In ancient Roman religion, Providentia is a divine personification of the ability to foresee and make provision. She was among the embodiments of virtues that were part of the Imperial cult of ancient Rome. Providentia thus figures in art, cult, and literature, but has little or no mythology as such.
Providentia was an important moral and philosophical abstraction in Roman discourse. Cicero says it is one of the three main components of prudentia, "the knowledge of things that are good or bad or neither," along with memoria, "memory," and intellegentia, "understanding." The Latin word is the origin of the Christian concept of divine providence.
Upon the death of Augustus, the emperor Tiberius established an altar to Providentia Augusta in recognition of "the godhead manifested in his father's provisions for the Roman state." The cult title Augusta was attached also to such goddesses as Pax, Justitia, and Concordia during the Imperial era. Traditional epithets invoked a deity within a specific functional sphere by declaring their power. The title Augusta thus fixed the divinity's force within the sphere of the emperor as Augustus.

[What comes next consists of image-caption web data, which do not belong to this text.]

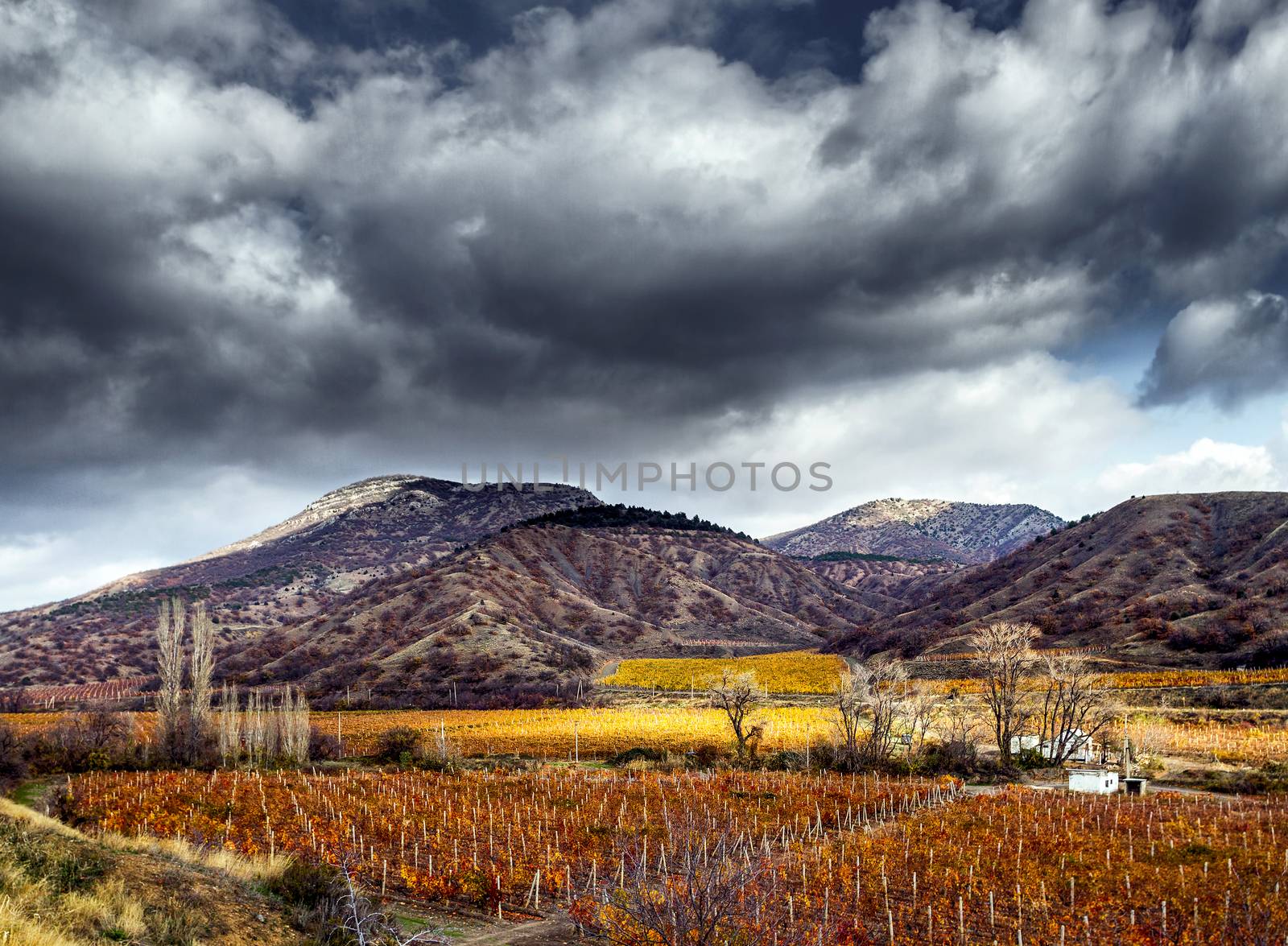 Vineyards. Autumn valley against the background of mountains and sky. HDR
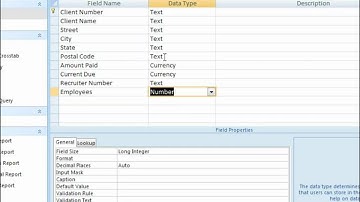Microsoft Access 2007 Table Data Types and Field Properties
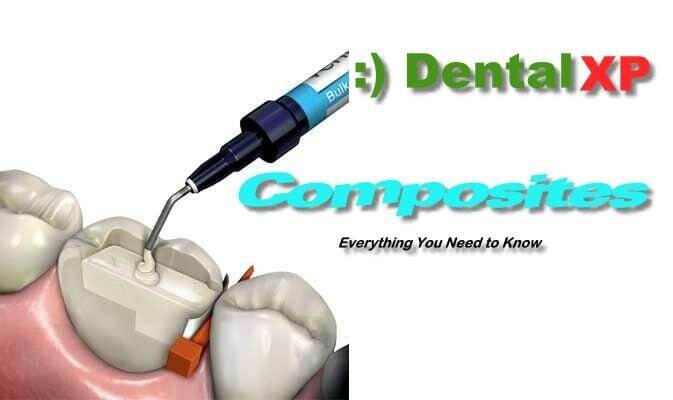 DentalXP Composites, Everything You Need to Know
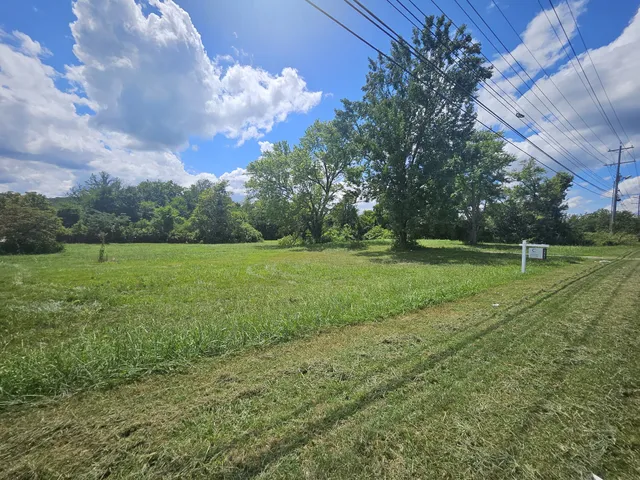 a view of a field with grass and a tree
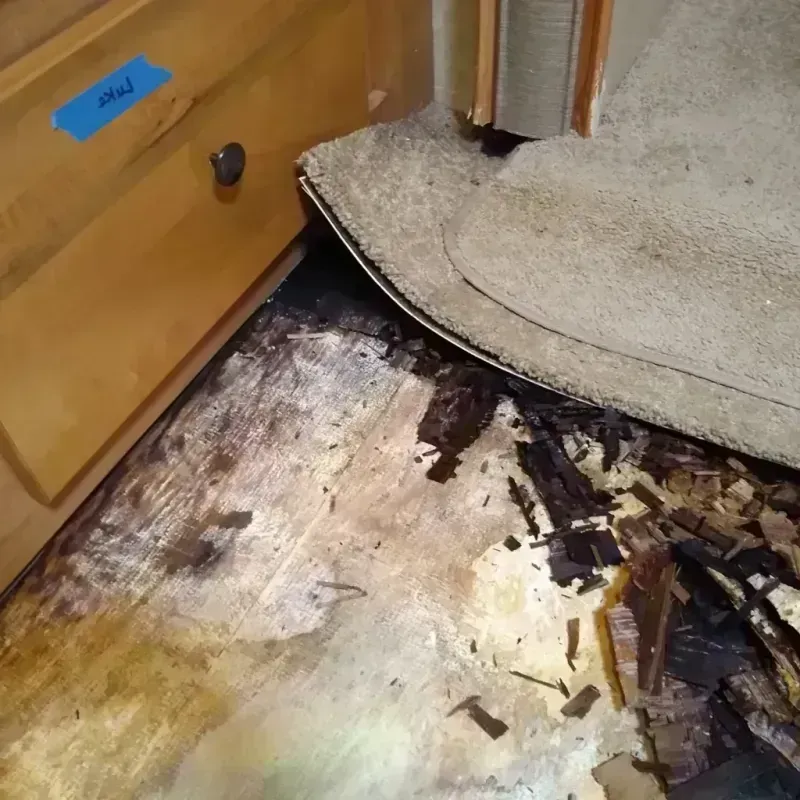 Wood Floor Water Damage in Madison County, NC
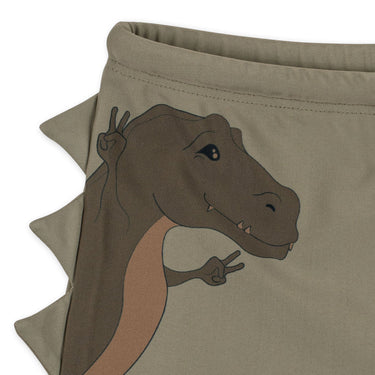Aster Badehose Dino - Overland Trek - Badeshorts mit verstellbarem Tunnelzug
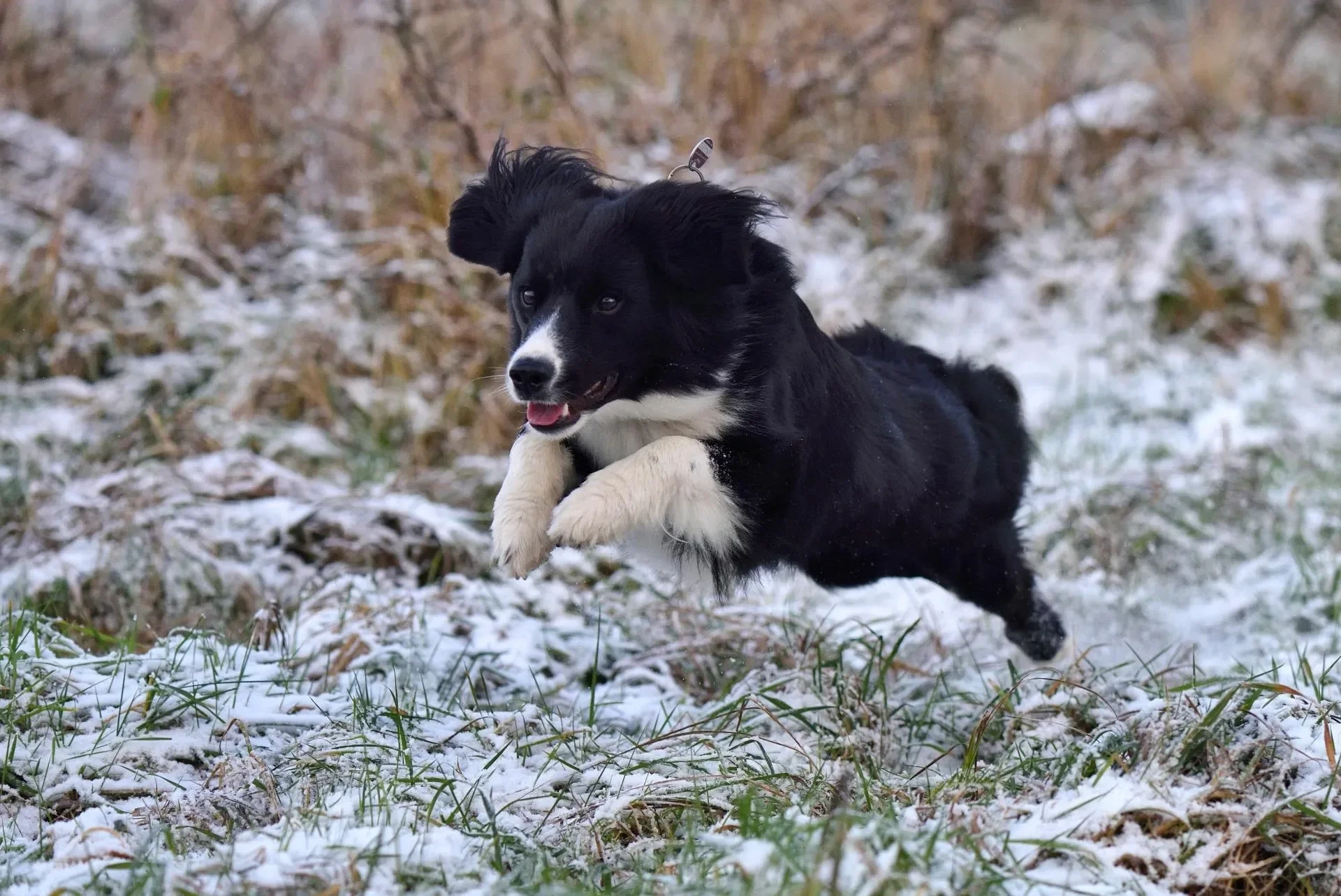 Haustiere – Ortenau, Schnee,Wiese, Hund, Dynamisch,Lebendig, Winter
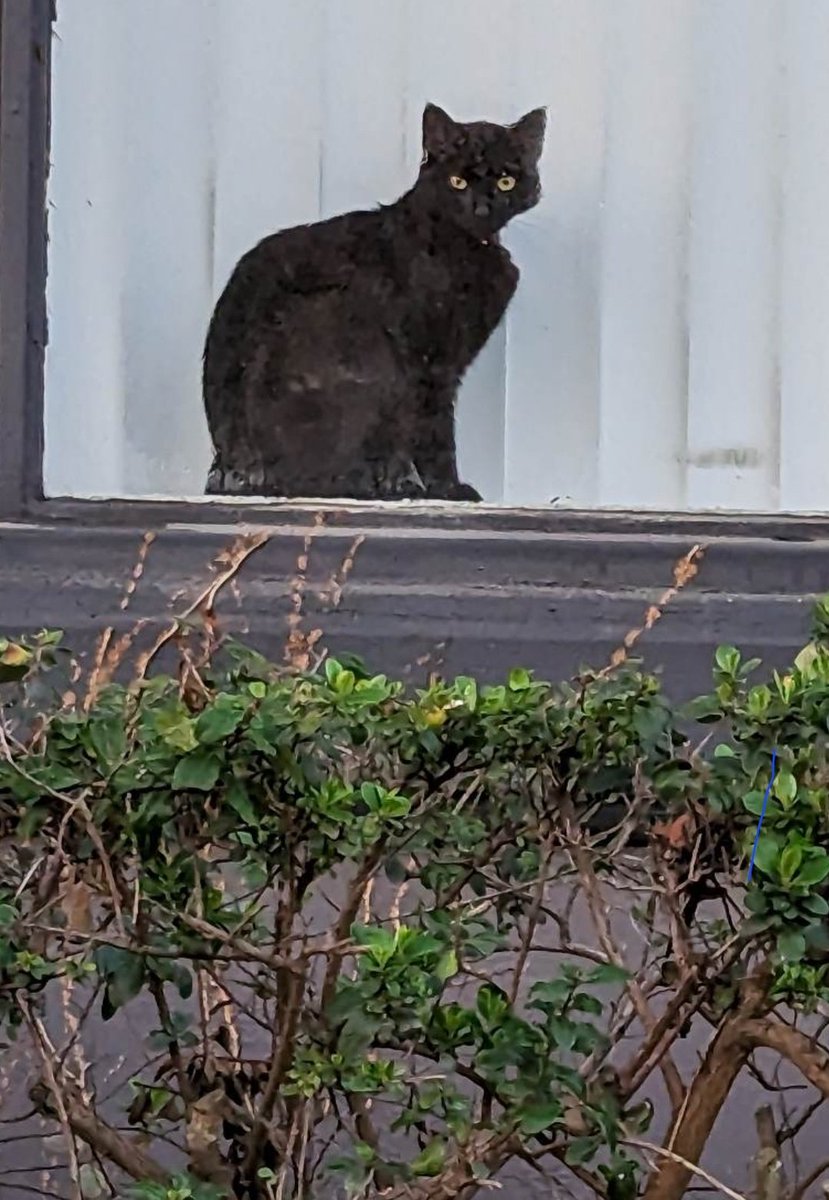 ElLocoMonkey's tweet photo. Window Cats pt. 14

#windowcats #windowcatsoftwitter #cat #cats https://t.co/sefBWX5zaj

In 28 AD, after Tiberius arrested and executed Sejanus for conspiracy, the Cult of Virtues played a role in the propaganda that presented the restoration of Imperial order as a return to constitutional government. Sacrifices were offered to Providentia along with Salus ("Security"), Libertas ("Liberty"), and the Genius. Providentia at this time also received a permanent full-time priest (sacerdos) devoted to her. In the wake of the Pisonian conspiracy against Nero, religious observances in 59 AD to repair the state included sacrifices by the Arval Brethren to various deities, among them Providentia.